The two-year battle over Wal-Mart's plan to build in North Cornwall Twp. has become this complex: About 45 people attended a zoning hearing board hearing last night, and a quarter of them were lawyers.
Several of them were testy.
"There's a pattern of trying to frustrate my client's efforts. The stakes here are very high," said George Broseman, Wal-Mart's attorney.
Last night's arguments concerned procedural issues, but even those will take another hearing to resolve before the board can move on to the meat of the complaint filed by Wal-Mart opponents: that the zoning change three years ago that paved the way for Wal-Mart to build was invalid.
It took the lawyers nearly half an hour last night to agree on a date for the next hearing.
"There are a lot of special interests at work at the expense of the township" said resident Ellie Salahub, one of the people who filed the complaint concerning the zoning change.
The 2003 zoning amendments changed the site of the planned store from office and institutional zoning to commercial, and other nearby land from agricultural to commercial.
The challenge, filed on behalf of eight property owners, says the proposed changes were not properly advertised.
Broseman argued yesterday that one member of the zoning hearing board, Anita Winer, should not participate in the issue because she has made remarks against the proposed store at other meetings. An attorney representing the property owners, Dwight Yoder, said Winer should serve because the hearing was narrowly focused on the advertisement issue and was not directly related to Wal-Mart.
If Winer stepped aside, that would leave only one board member; the chairman resigned a few weeks ago. Winer's standing will be decided at the next hearing, and the board's solicitor, Samuel Weiss, said he hopes supervisors will appoint another member and a couple of alternates by that time.

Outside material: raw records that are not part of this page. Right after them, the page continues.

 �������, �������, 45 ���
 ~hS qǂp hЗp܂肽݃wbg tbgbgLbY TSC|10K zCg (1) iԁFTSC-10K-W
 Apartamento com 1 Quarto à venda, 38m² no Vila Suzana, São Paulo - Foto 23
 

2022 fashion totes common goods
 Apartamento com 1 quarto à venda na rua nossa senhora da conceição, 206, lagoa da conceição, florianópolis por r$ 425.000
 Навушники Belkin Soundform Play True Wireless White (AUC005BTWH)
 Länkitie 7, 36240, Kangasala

In the meantime, a challenge to the supervisors' vote approving Wal-Mart more than a year ago is languishing in Lebanon County court.

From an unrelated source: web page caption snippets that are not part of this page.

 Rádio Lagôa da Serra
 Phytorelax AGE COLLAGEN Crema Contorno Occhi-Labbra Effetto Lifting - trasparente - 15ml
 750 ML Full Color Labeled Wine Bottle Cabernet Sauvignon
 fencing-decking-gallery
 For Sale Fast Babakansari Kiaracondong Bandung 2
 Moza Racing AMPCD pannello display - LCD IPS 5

Opponents say the board's 2-1 vote on Dec. 28, 2005, to approve Wal -Mart's plans was not valid because the written decision did not come until Jan. 23, when Supervisor Charles Brooks was no longer a member of the board. They also claim the approval should be thrown out because, among other reasons, Wal -Mart should have been required to submit a second revised plan and the traffic study wasn't complete.
The Dec. 28 vote followed 16 public hearings on the application, several of them lasting all day.